C'est aussi en juillet que débuteront les travaux préparatoires à un nouvel «acte de décentralisation», c'est-à-dire de transfert de compétences aux collectivités locales : les domaines «du logement, des transports, de la transition écologique» ont été évoqués par Edouard Philippe. La ministre Jacqueline Gourault doit consulter en juillet les associations d'élus, et le dialogue se poursuivra à la rentrée, autour des préfets, dans chaque région. Un projet de loi sera ensuite présenté «à la fin du premier semestre 2020», avant les élections régionales et départementales de 2021. Le texte élargira aussi, pour les collectivités, les possibilités de déroger au droit commun.
D'ici là, le prochain budget aura précisé les conditions de compensation pour les communes de la taxe d'habitation, qui doit disparaître en 2020 pour 80% des contribuables, et d'ici 2023 pour les autres. La refonte à venir de la fiscalité locale doit rendre celle-ci plus simple, a annoncé Edouard Philippe, mais aussi responsabiliser les élus locaux : «Qui décide paye, qui paye commande, qui commande assume», a-t-il prévenu les sénateurs.

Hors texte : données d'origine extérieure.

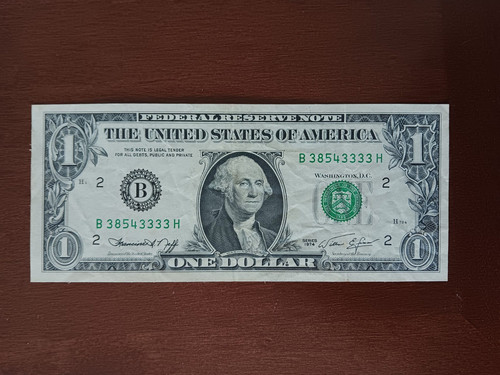 Banconota circolata dollaro - 1,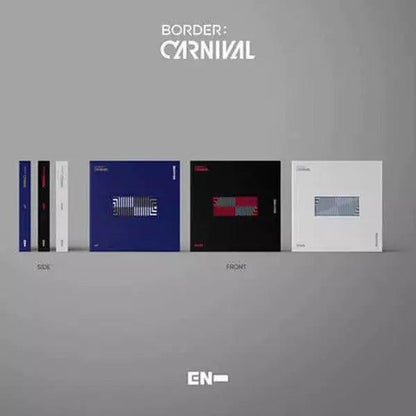 ENHYPEN - 2ND MINI ALBUM BORDER CARNIVAL - K-POP WORLD (6767721840775)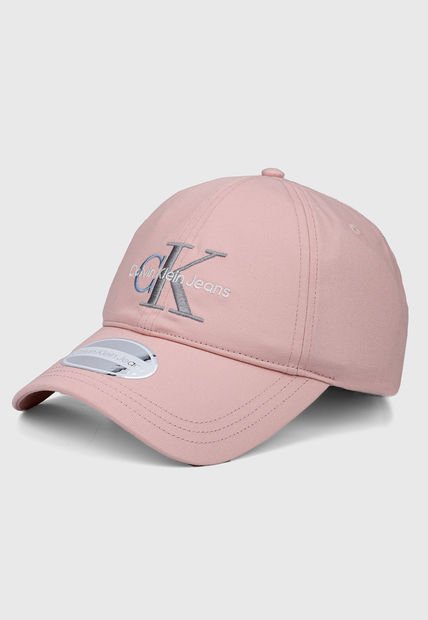 Gorra Rosa-Gris-Blanco Calvin Klein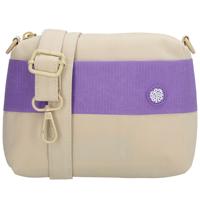 Beagles Crossbody Schoudertasje Nova Cream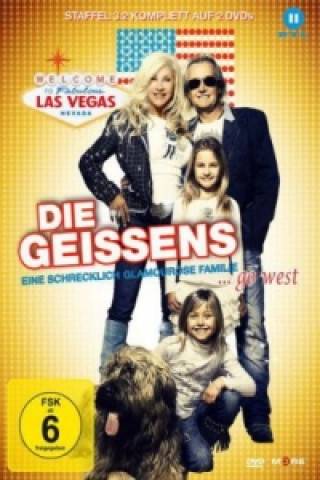 Die Geissens, 2 DVDs. Staffel.3.2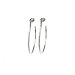 gifts to go collection medium silver dipped hammered hoop earrings
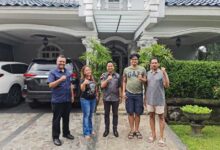 Akhir Pekan, Andi Taletting Langi Datangi Rumah Wna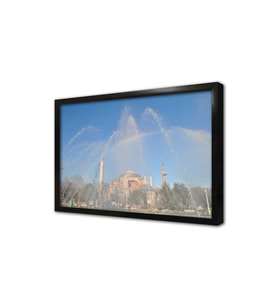 Ayasofya Çerçeveli Mdf Tablo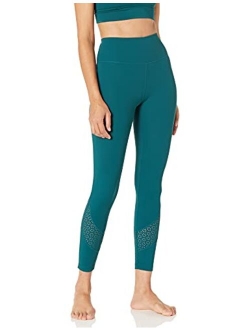 Women's Icon Series Laser Cut High-Waist Yoga Legging-26"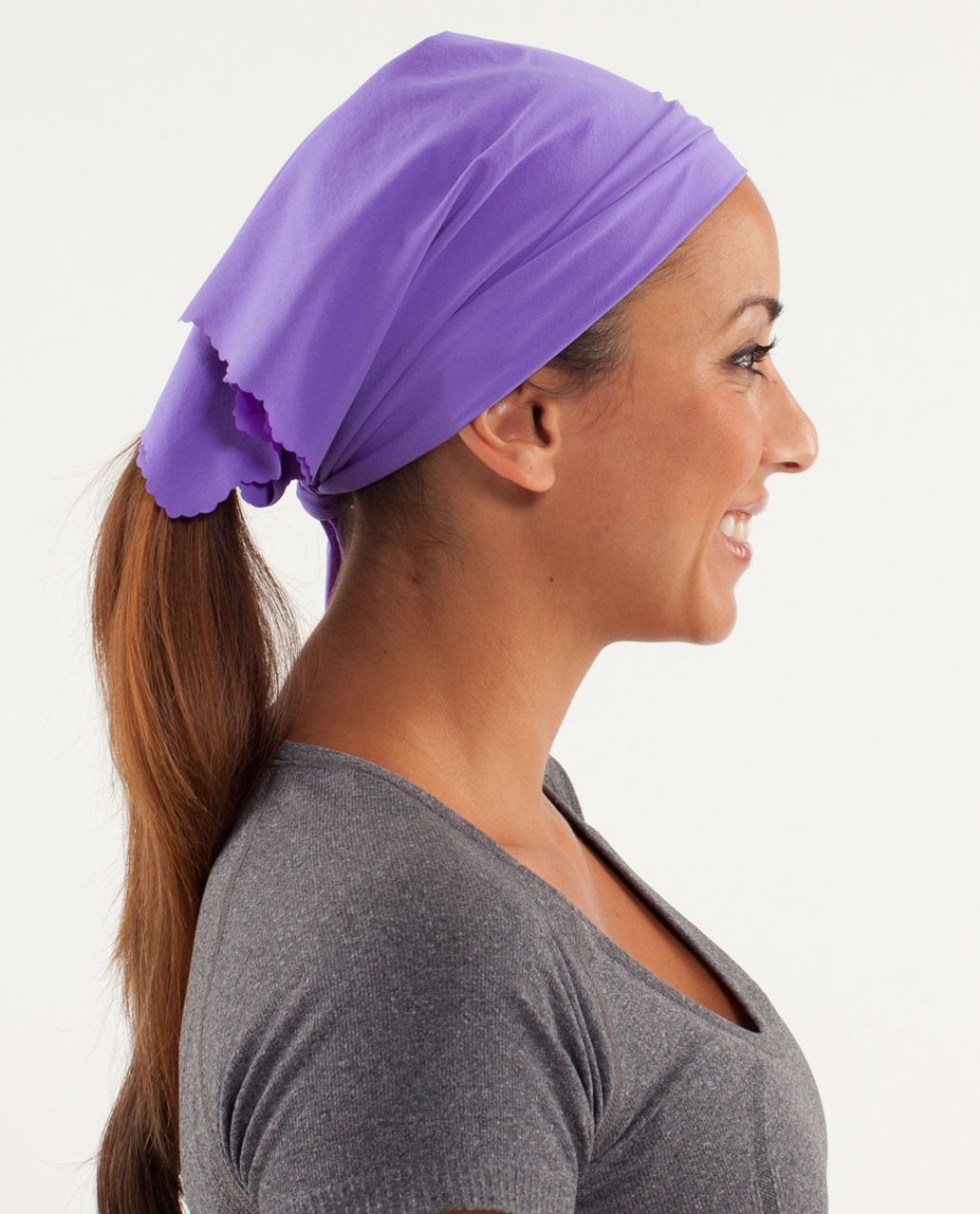 Lululemon Barely There Bandana - Power Purple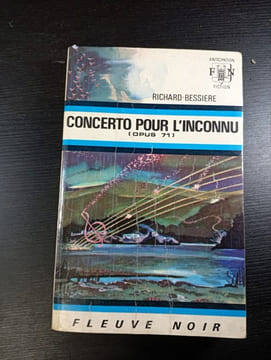Concerto pour l'inconnu (Opus 71). Richard Bessiere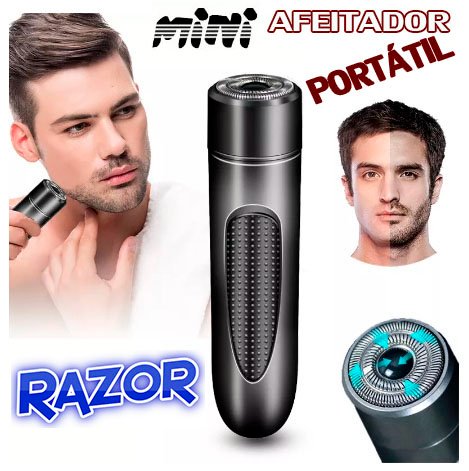AFEITADOR ELÉCTRICO PORTÁTIL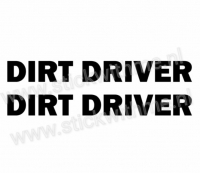 Dirt Driver - per 2 stuks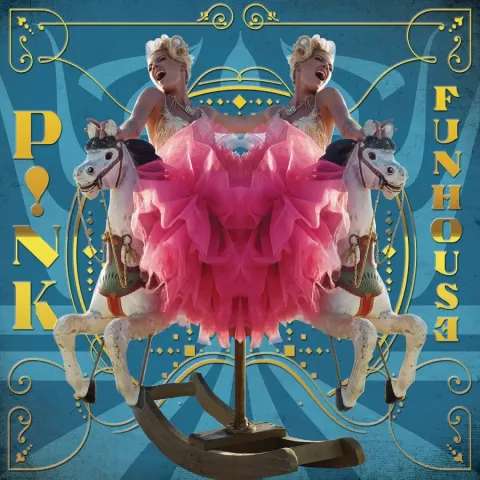 P!nk — Funhouse cover artwork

Le chef du gouvernement a enfin confirmé une action «tous azimuts» de déconcentration, c'est-à-dire de renvoi, vers les services territoriaux de l'Etat, de procédures actuellement traitées par l'administration centrale. «D'ici la fin d'année, plus de 95% des décisions individuelles seront effectivement prises dans les territoires», a-t-il promis, reprenant les termes d'une circulaire récemment adressée aux membres du gouvernement.